This story isn't just about the townhome fire or the brave firefighters who worked to put it out, although it started that way.
”I heard this huge noise upstairs," said Mariah Gonzalez, 17, who was home when the fire started Thursday afternoon at 8199 Welby Road, the Adams County townhome she and her mother call home. "I ran up there and I just saw the whole ceiling was black."
Gonzalez got out just in time, but soon the high school senior realized she had left everything she owned inside.
"I thought about all the stuff that I literally just lost," she said, crying. "Then I realized that my cap and gown was [sic] in there, I was like, 'what am I going to do? How am I supposed to walk?
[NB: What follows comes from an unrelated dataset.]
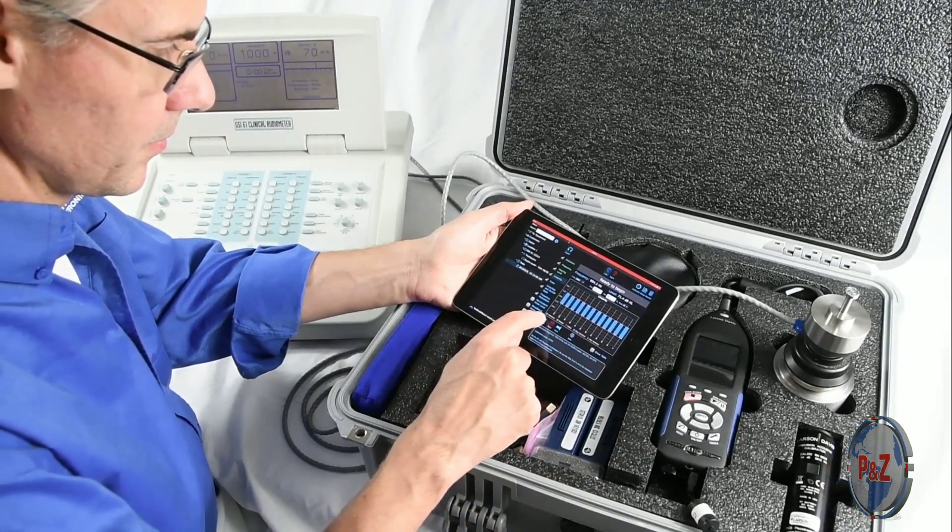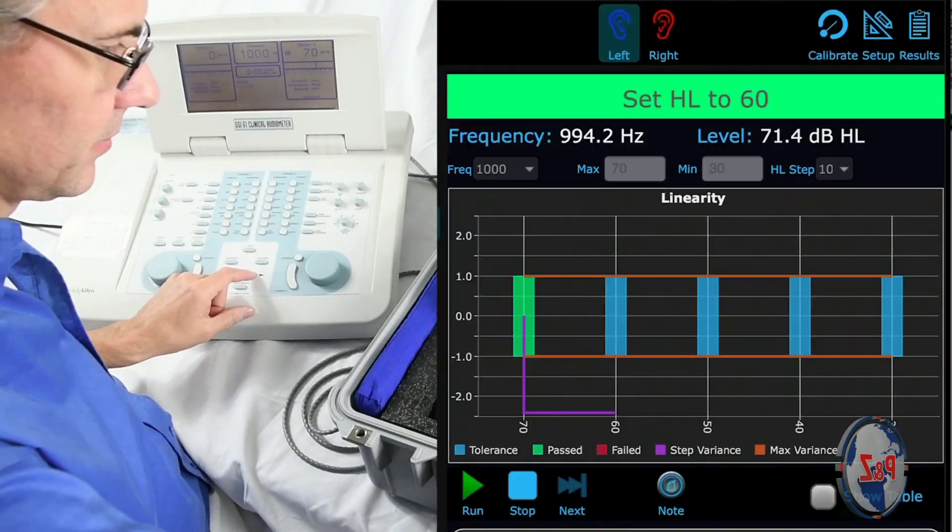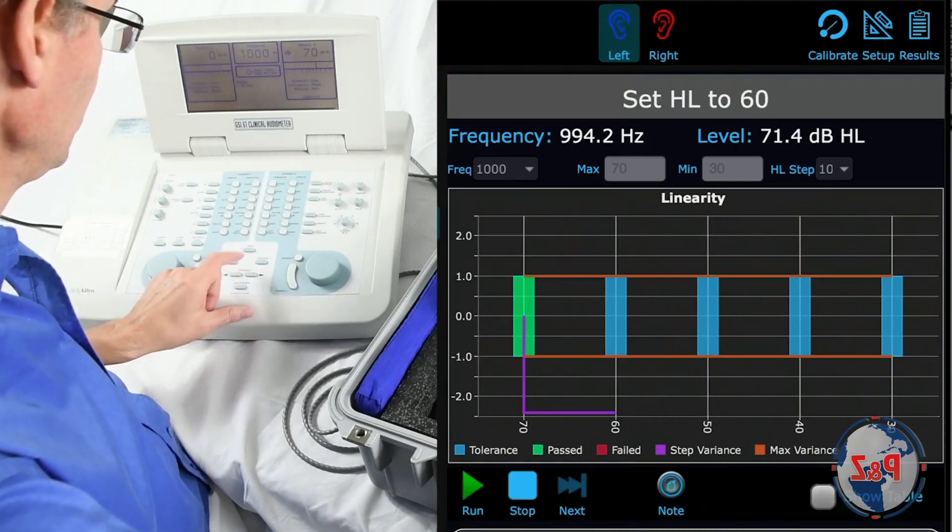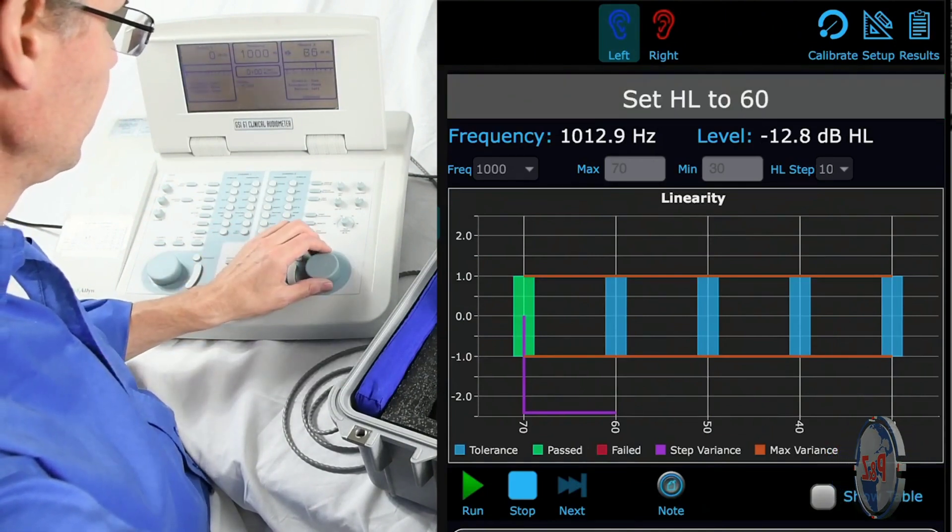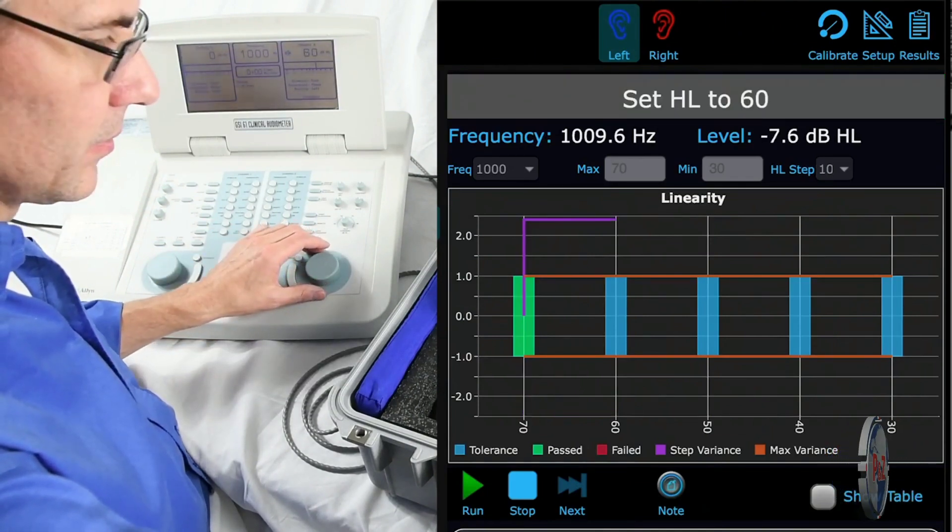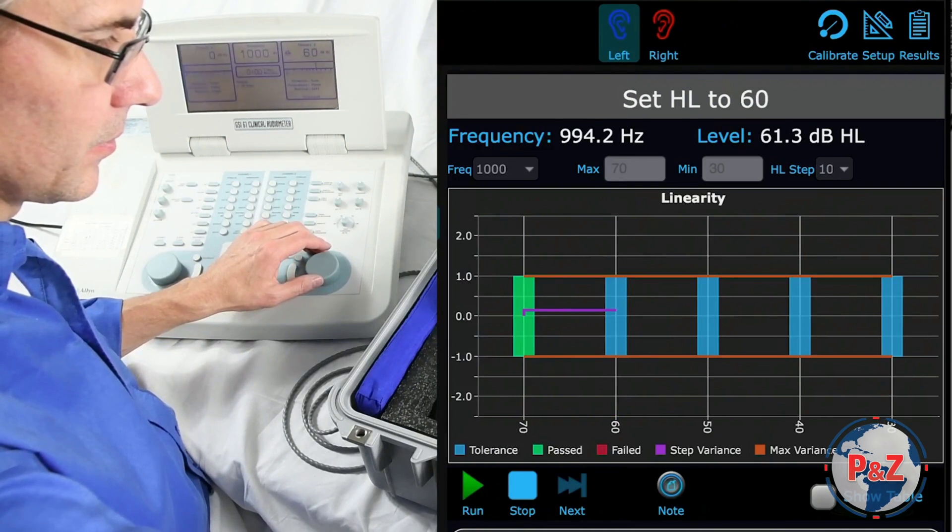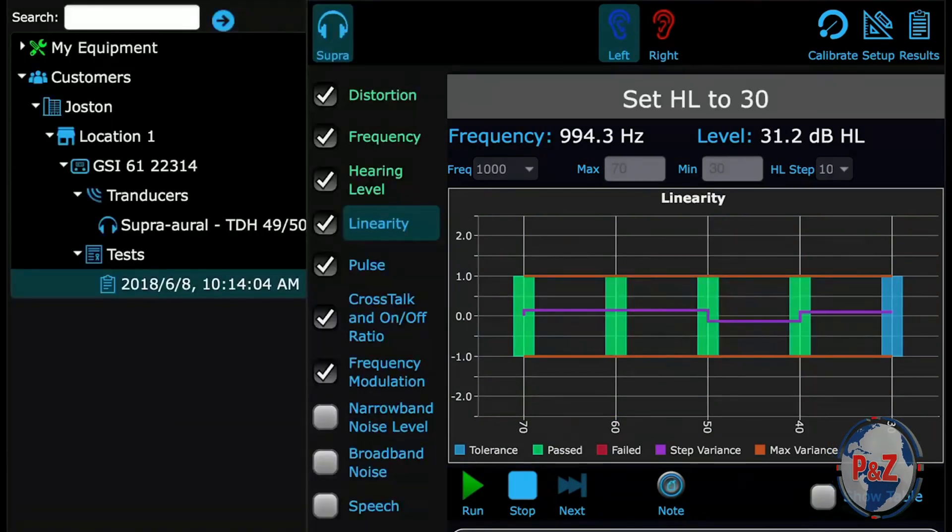Since you are not required to interact with the app during the test, you can progress through each step by adjusting the dial as soon as the signal is stable and recorded.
It's this weekend.""
Gonzalez has had more than her fair share of adversity.
She has moved four times this school year, and her graduation this Saturday was supposed to be a symbol that she had survived the journey, graduating Salutatorian.
"She seemed very distraught, crying," said Julie Sedillo, a deputy with the Adams County Sheriff's Office who saw a teenager who need someone to help.
So, she made a call.
"When I talked to my contact at the school, I told them if they couldn’t make it happen, I could make it happen by even paying for her cap and gown," said Sedillo. "So they helped me out also, and we got her her cap and gown."
Suddenly, for Gonzalez, the story was no longer about the fire or her loss. It was about friends, neighbors and total strangers brought together by fire, but not burned.
"Things happen to us, and we don’t know why," said Gonzalez. "There is always going to be something positive about it. There’s always going to be a future, there’s always going to be something more."
Gonzalez's mother said they do have renter's insurance, and several neighbors and friends have offered them a place to stay as well as clothing in the interim.